In Python, strings are indexable and iterable, which means we can use indexing to select an individual character, and we can also iterate on the string using a for loop.

![img](https://s3.amazonaws.com/dq-content/350/py1m8_str.png)

Let's first try to write the function we talked about above, and on the next screen, we'll remove the rows corresponding to the non-English apps.

If you get stuck during the following exercise, you can check the [solution notebook](https://github.com/dataquestio/solutions/blob/master/Mission350Solutions.ipynb).

### Instructions

1.  Write a function that takes in a string and returns `False` if there's any character in the string that doesn't belong to the set of common English characters; otherwise, the function returns `True`.
    
    -   Inside the function, iterate over the input string. For each iteration check whether the number associated with the character is greater than 127. When a character is greater than 127, the function should immediately `return False` — the app name is probably non-English since it contains a character that doesn't belong to the set of common English characters.
    -   If the loop finishes running without the `return` statement executing, then it means no character had a corresponding number over 127 — the app name is probably English, so the functions should return `True`.
2.  Use your function to check whether these app names are detected as English or non-English:
    
    -   `'Instagram'`
    -   `'爱奇艺PPS -《欢乐颂2》电视剧热播'`
    -   `'Docs To Go™ Free Office Suite'`
    -   `'Instachat 😜'`



### 7 of 14 · Removing Non-English Apps: Part Two

### Learn

On the previous screen, we wrote a function that detects non-English app names, but we saw that the function couldn't correctly identify certain English app names like `'Docs To Go™ Free Office Suite'` and `'Instachat 😜'`. This is because emojis and characters like `™` fall outside the ASCII range and have corresponding numbers over 127.

![img](https://s3.amazonaws.com/dq-content/350/py1m8_ord_fct.png)

If we're going to use the function we've created, we'll lose useful data since many English apps will be incorrectly labeled as non-English. To minimize the impact of data loss, we'll only remove an app if its name has more than three characters with corresponding numbers falling outside the ASCII range. This means all English apps with up to three emoji or other special characters will still be labeled as English. Our filter function is still not perfect, but it should be fairly effective.

Let's edit the function we created on the previous screen, and then use it to filter out the non-English apps.

If you get stuck during the following exercise, you can check the [solution notebook](https://github.com/dataquestio/solutions/blob/master/Mission350Solutions.ipynb).

### Instructions

1.  Change the function you created on the previous screen. If the input string has more than three characters that fall outside the ASCII range (0 - 127), then the function should return `False` (identify the string as non-English), otherwise it should return `True`.
    
2.  Use the new function to check whether these app names are detected as English or non-English:
    
    -   `'Docs To Go™ Free Office Suite'`
    -   `'Instachat 😜'`
    -   `'爱奇艺PPS -《欢乐颂2》电视剧热播'`
3.  Use the new function to filter out non-English apps from both datasets. Loop through each dataset. If an app name is identified as English, append the whole row to a separate list.
    
4.  Explore the datasets and see how many rows you have remaining for each dataset.

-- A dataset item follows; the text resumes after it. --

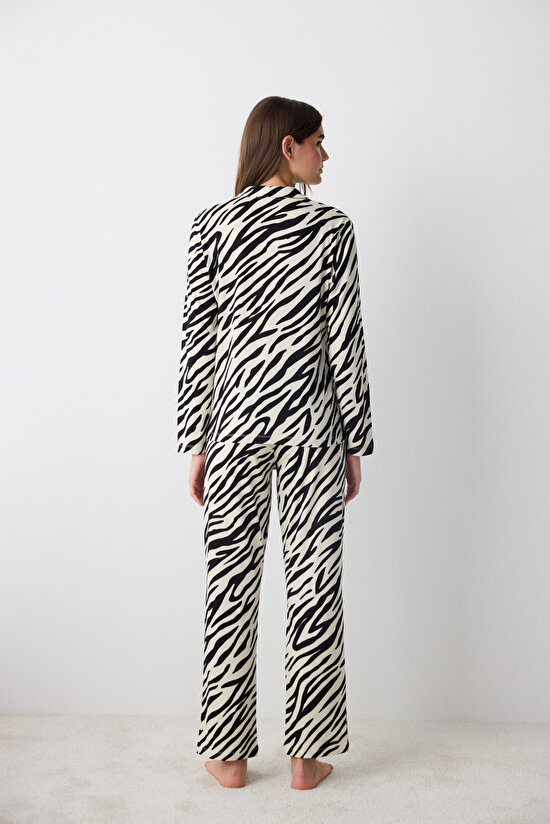 Pamuklu Zebra Gri Gömlek Pantolon Pijama Takımı - 5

### 8 of 14 · Isolating the Free Apps

### Learn

So far in the data cleaning process, we've done the following:

-   Removed inaccurate data
-   Removed duplicate app entries
-   Removed non-English apps

As we mentioned in the introduction, we only build apps that are free to download and install, and our main source of revenue consists of in-app ads. Our datasets contain both free and non-free apps; we'll need to isolate only the free apps for our analysis.

Isolating the free apps will be our last step in the data cleaning process. On the next screen, we're going to start analyzing the data.

If you get stuck during the following exercise, you can check the [solution notebook](https://github.com/dataquestio/solutions/blob/master/Mission350Solutions.ipynb).

### Instructions

1.  Loop through each dataset to isolate the free apps in separate lists. Make sure you identify the columns describing the app price correctly.
    
2.  After you isolate the free apps, check the length of each dataset to see how many apps you have remaining.



### 9 of 14 · Most Common Apps by Genre: Part One

### Learn

So far, we spent a good amount of time on cleaning data, and:

-   Removed inaccurate data
-   Removed duplicate app entries
-   Removed non-English apps
-   Isolated the free apps

As we mentioned in the introduction, our aim is to determine the kinds of apps that are likely to attract more users because our revenue is highly influenced by the number of people using our apps.

To minimize risks and overhead, our validation strategy for an app idea is comprised of three steps:

1.  Build a minimal Android version of the app, and add it to Google Play.
2.  If the app has a good response from users, we develop it further.
3.  If the app is profitable after six months, we build an iOS version of the app and add it to the App Store.

Because our end goal is to add the app on both Google Play and the App Store, we need to find app profiles that are successful on both markets. For instance, a profile that works well for both markets might be a productivity app that makes use of gamification.

Let's begin the analysis by getting a sense of what are the most common genres for each market. For this, we'll need to build frequency tables for a few columns in our datasets.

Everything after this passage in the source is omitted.